We are triggering and micing the bass drums, a Friend of mine said we should pan the mic'd ones Half left and half right respectively? Is this a good idea?

He also was talking about panning the snare a hair to the right?

And i was wondering since the bass guitar follows my guitar lines or is based off mine and the other guitarist who will be in the right side (we are hard panning the guitars left and right) If we should pan the bass guitar a hair to his side to compliment the fact that the bass is following pretty much what I play?

3 overhead mics 1 75% left, one centered, and the final one being 75% right? something like that...

See we are going to be recording for dirt cheap but we wont have a producer, he's telling us basically what to do (I've recorded before but never in a studio on Cubase which is what he uses) And i've never done any panning on the drums but the way my friend made it sound, it sounds semi intelligent. Whats your opinions all you guys who've actually done this before haha?
 
Oh god - tell your friend to die!


Kicks not centered, and especially two kicks, makes my head spin.

Snare in center is a generally good rule - some people like it a tiny bit one way or the other. I personally hate it

You're going to want to keep bass dead center.

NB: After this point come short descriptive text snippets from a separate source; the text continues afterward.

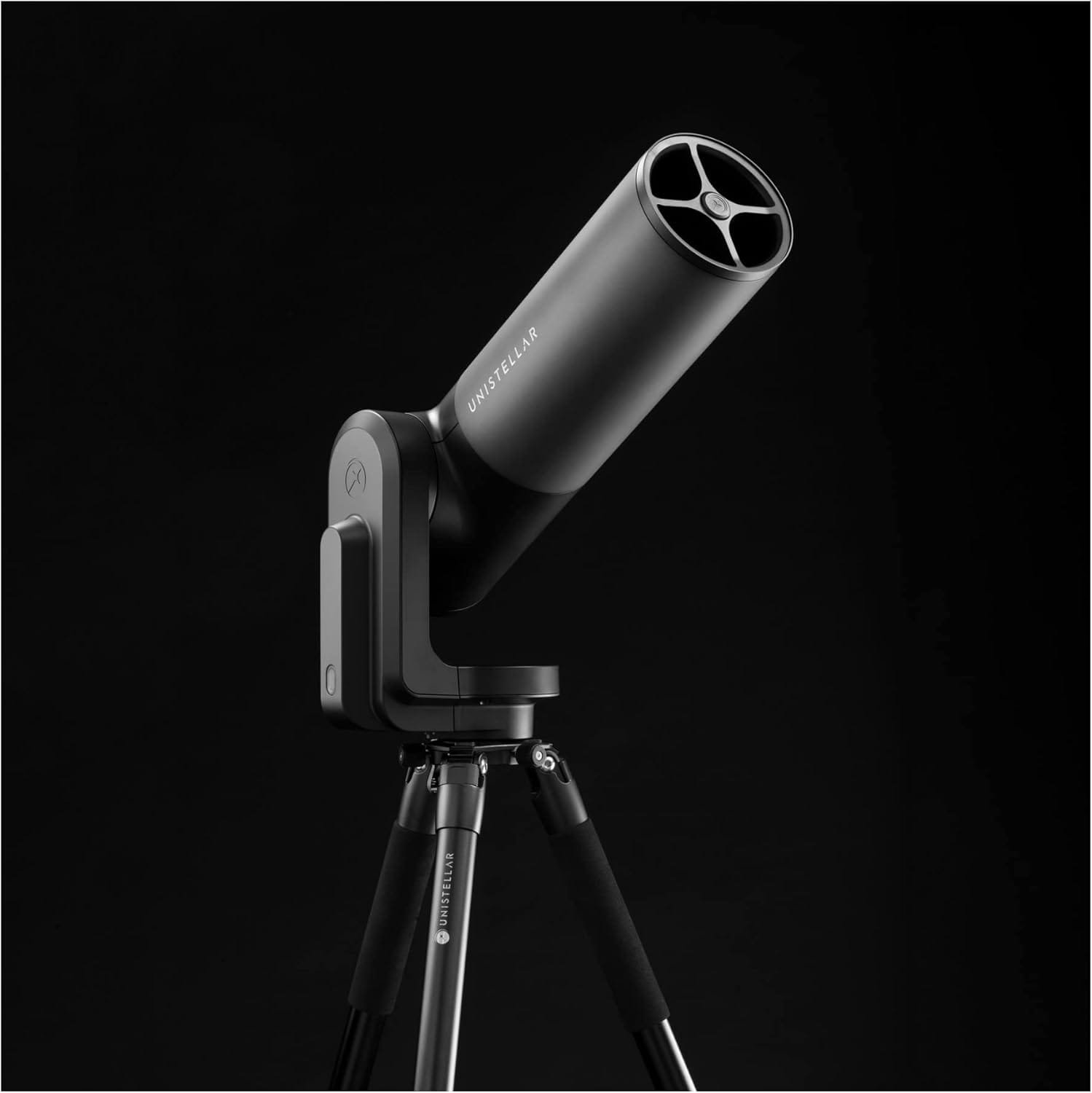 A black telescope on a tripod is set against a dark background.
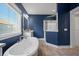 This main bath includes a standalone tub, large window, and granite countertops at 121 Warbler Way, Summerville, SC 29483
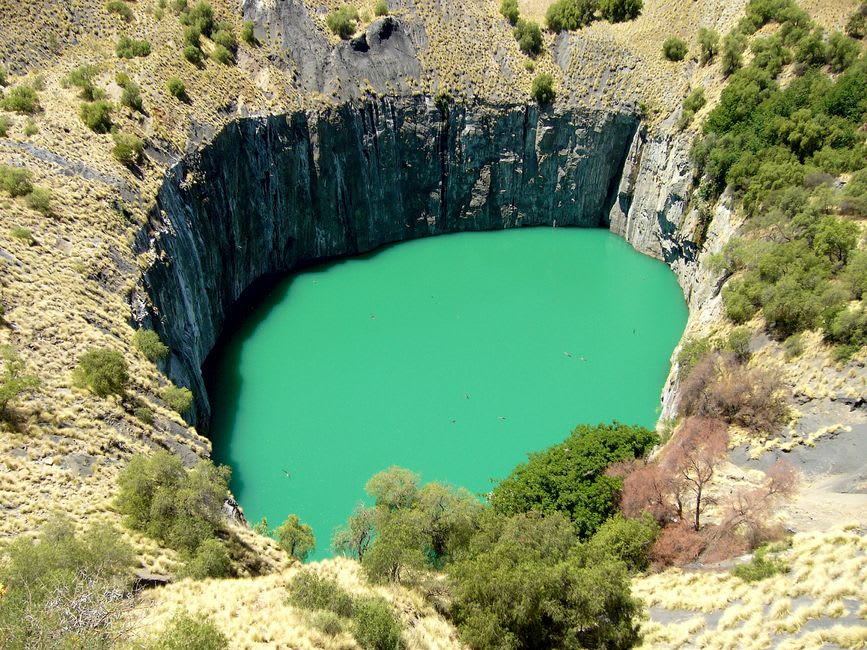 Ellery Creek Big Hole, a deep spring-fed waterhole shaded by tall red rock walls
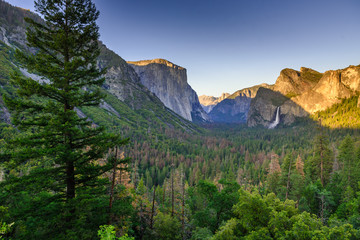 View of Yosemite Valley from Tunnel View point at sunset - view to Bridal veil falls, El Capitan and Half Dome - Yosemite National Park in California, USA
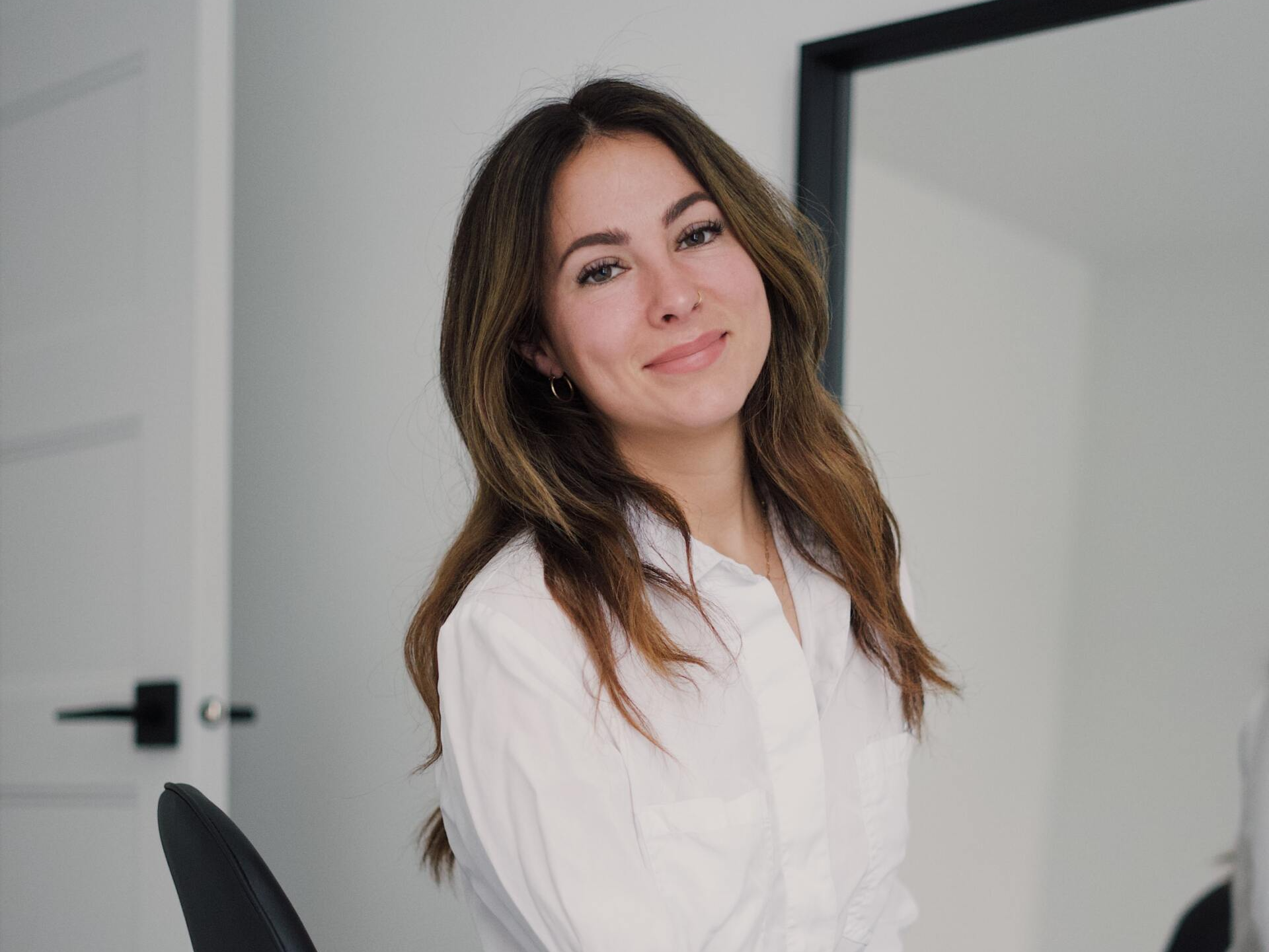 Una mujer con una camisa blanca está sentada en una silla y sonriendo a la cámara.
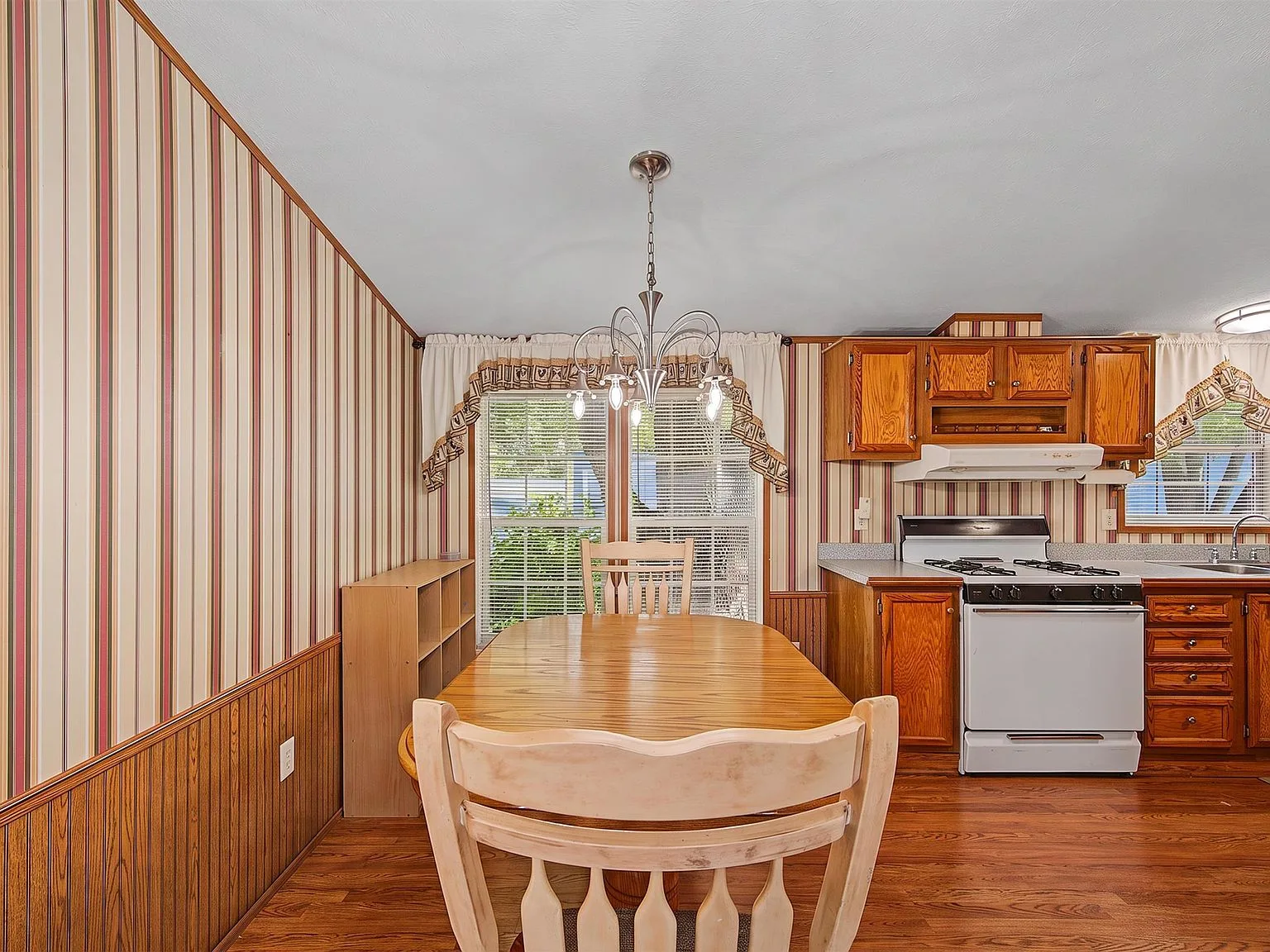 Combined kitchen and dining area with natural daylight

Try the OH's panned hard L/R, and one in the center. If it's sounding too wide, pan inward.
 
The only things I pan when tracking are the OHs. Hard left/right. Track everything else straight up, and start panning during mixing. If you do buss the toms during tracking, and pan them in their place (to save on tracks), think about drummer and listener perspective, and matching your OH panning. When mixing, try this: Kick(s), snare, bass, and vox-center. Guitars- hard left/right.
 
The only things I pan when tracking are the OHs. Hard left/right. Track everything else straight up, and start panning during mixing. If you do buss the toms during tracking, and pan them in their place (to save on tracks), think about drummer and listener perspective, and matching your OH panning. When mixing, try this: Kick(s), snare, bass, and vox-center. Guitars- hard left/right.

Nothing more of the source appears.